Si chiude il primo ciclo di interviste di Corrergiostra rivolto ad alcuni degli uomini delle scuderie dei quattro quartieri, personaggi che hanno avuto o tuttora hanno un legame particolare con i giostratori e i cavalli. Il quarto che abbiamo incontrato è Maurizio Leoni, uno dei primi responsabili del campo prove “Sergio Borgogni” di Porta del Foro.
Tu che hai vissuto il campo prova di Porta del Foro fin dai suoi esordi puoi dirci quando è nato e per merito di chi?
“Il campo prove è nato intorno all’anno 2010, precedentemente al mio coinvolgimento come responsabile, grazie al Consiglio direttivo guidato da Paolo Ciarpaglini il quale iniziò il progetto di fornire al Quartiere un campo di allenamento di proprietà individuando l’attuale area e affittandola. Tale progetto avrebbe portato il Quartiere di Porta del Foro al pari degli altri permettendogli di organizzare e migliorare gli allenamenti dei propri giostratori che, fino a quel momento, si allenavano in solitaria o in strutture esterne private facendo così aumentare costi, problemi organizzativi e tecnici che gioco forza limitavano il lavoro e la crescita dei ragazzi. Negli anni successivi, con l’ingresso del Consiglio guidato da Sandro Sganappa, è iniziata la mia avventura come responsabile del Campo Prove grazie anche alla fiducia che il capitano Dario Tamarindi riponeva in me”.
Ci racconti come è nata l’idea di intitolare il Campo Prove di Porta del Foro a Sergio Borgogni?
“L’intitolazione del campo prove a Sergio Borgogni per noi è stato un atto dovuto, il giusto riconoscimento ad un quartierista DOC che ha dedicato tutta la sua vita al Quartiere di Porta del Foro. Cresciuto dentro il quartiere fin da ragazzo, partendo come Armigero non ha più abbandonato quei colori che ti si incollano dentro e plasmano la tua vita e che lo hanno portato fino ad entrare nel Consiglio direttivo e a vestire i panni di vice capitano. Persona sempre disponibile e pacata, un buono a cui non era possibile non voler bene”.
Cosa vuol dire far parte delle scuderie e frequentare il campo prove? Quali sono i sacrifici che bisogna fare per far trovare tutto in ordine e sistemato al dettaglio per gli allenamenti dei giostratori?

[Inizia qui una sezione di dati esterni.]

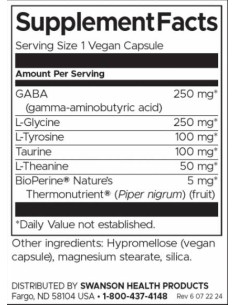 GABAplex with L-Tyrosine -amp, L-Theanine 2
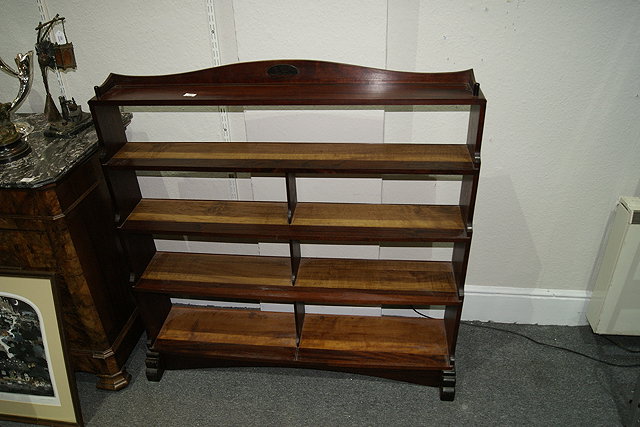 Appraisal: AN ARTS AND CRAFTS MAHOGANY AND OAK BOOKCASE cm high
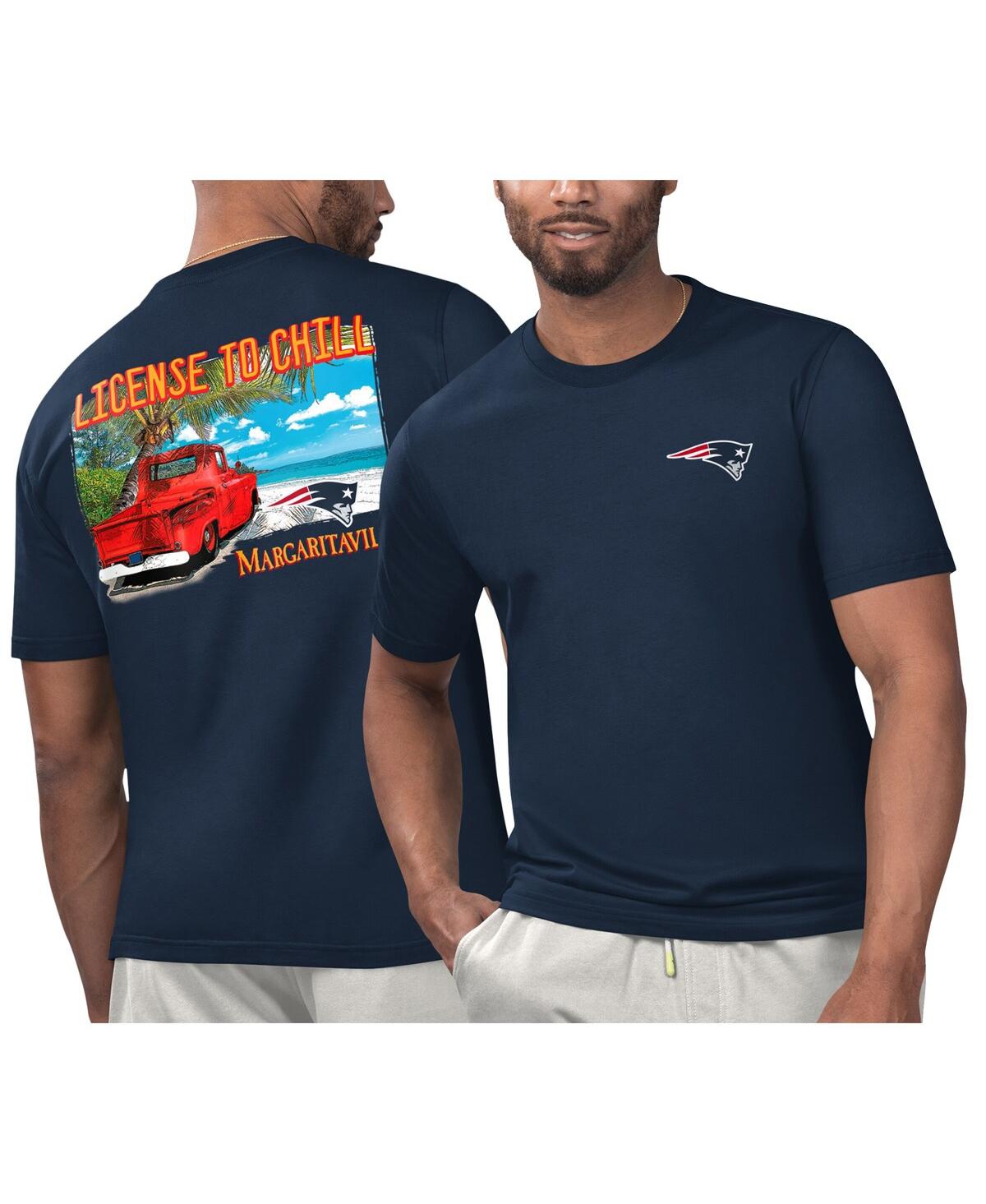 Men's Navy New England Patriots Licensed to Chill T-Shirt - Navy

“Questo è il segreto che muove tutte le fila, ci vuole una passione che ti plasma fin da ragazzo, una missione comune che ti porta ad innamorarti di tutto ciò che gravita intorno alla Giostra del Saracino. Il mio coinvolgimento è stato sentito come un qualcosa di dovuto al quartiere, ho manualità e la possibilità di risolvere problemi analizzandoli e cercando la soluzione migliore. C’è da dire che il clima che si respira all’interno delle scuderie è un mondo dentro un altro mondo, fino a che non ci sei dentro non ti rendi conto della dedizione e dei sacrifici che ogni componente svolge, esclusivamente per passione, quella passione che però ti ripaga anche solo con un sorriso, un abbraccio, una pacca sulla spalla… ma tanto basta. Il lavoro, non nego, è estenuante. Cerchi sempre di far trovare tutto a posto per ogni seduta di allenamento, rettangolo e lizza in primis, sabbia della giusta compattezza, umida ma non bagnata e liscia come un biliardo. Anche il contorno deve essere ordinato e ben curato, un bell’ambiente dove allenarsi è motivante per tutti, soprattutto per i giostratori”.

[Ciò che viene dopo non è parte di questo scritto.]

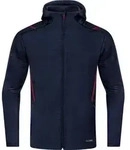 Jako Challenge Freizeitjacke Mit Kapuze Herren - Marine Meliert / Maroon - Blau - XXL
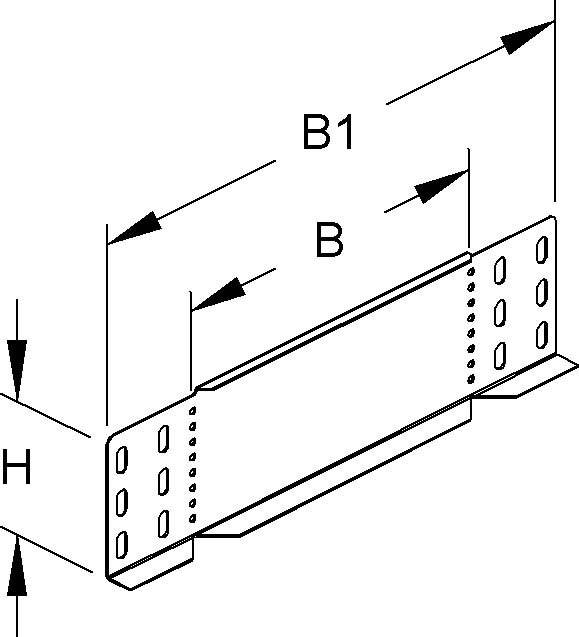 Niedax Reduzierabs.Winkel RA 85.200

Ci racconti qualche aneddoto divertente o comunque significativo successo durante gli allenamenti che renda bene l’idea del clima che si respira?
“Quando ripenso al tempo dedicato al campo mi ritorna in mente sempre l’inizio della mia esperienza quando ho risolto il problema del cronometro per rilevare i tempi progettando e costruendo una versione rivelatasi poi molto precisa, ben funzionante e resistente nelle sue versioni successive. La prova del marchingegno fu fatta in una delle sale del quartiere, in presenza del rettore Sganappa: durante il primo collaudo tutto funzionò a meraviglia, il cronometro partì e si fermò come previsto, il che ci fece balzare dalle sedie entusiasti e, a dire il vero, increduli dato l’incredibile groviglio di cavi che avevo fatto… ed infatti poco dopo la fine del collaudo Sandro mi chiede: “ma è normale che esca tutto quel fumo?” mi girai e in effetti i cavi stavano prendendo fuoco! Per fortuna tolsi l’alimentazione e tutto si risolse.
Quel momento, che nessuno conosce, è uno dei ricordi più importanti che mi porto dietro, di fallimento si, ma solo temporaneo visto che grazie alla fiducia riposta in me da Sandro e Dario riuscimmo infine ad avere uno strumento funzionante e preciso a disposizione delle scuderie. Il campo prove e le scuderie ti insegnano ad affrontare continuamente queste sfide che ti portano a fallire ma, a testa alta bisogna continuare fino a che il problema non è risolto e tutto funziona. Tutto questo lavoro lo si fa solo per ricevere un sorriso o una pacca sulla spalla ma tanto basta, anche se poi succedesse di portare il “brocco” a casa… tanto meglio!”.